Required action — What you return should match the data word for word, minus the images.

Data shown —
▼

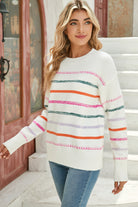 Black Colorful Striped Ribbed Trim Round Neck Sweater Sweaters caaae07279bec19b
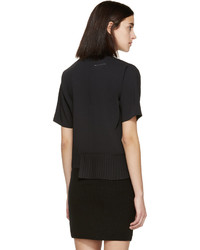 Черная блуза с коротким рукавом от MM6 MAISON MARGIELA
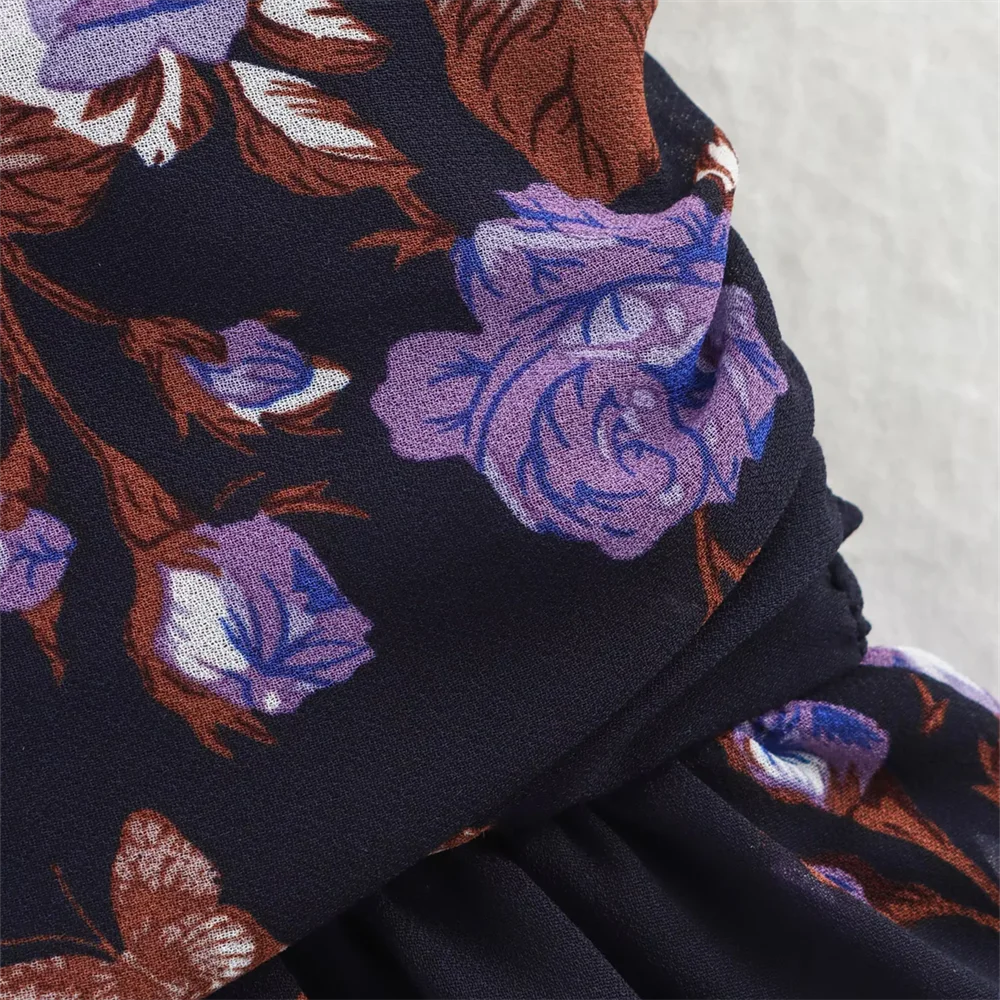 BM&MD&ZA2025multi-layer printed V-neck sleeveless layered decorative floral dress new summer women's clothing Aviola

▲

Exercise answer —
 Black Colorful Striped Ribbed Trim Round Neck Sweater Sweaters caaae07279bec19b
 Черная блуза с коротким рукавом от MM6 MAISON MARGIELA
 BM&MD&ZA2025multi-layer printed V-neck sleeveless layered decorative floral dress new summer women's clothing Aviola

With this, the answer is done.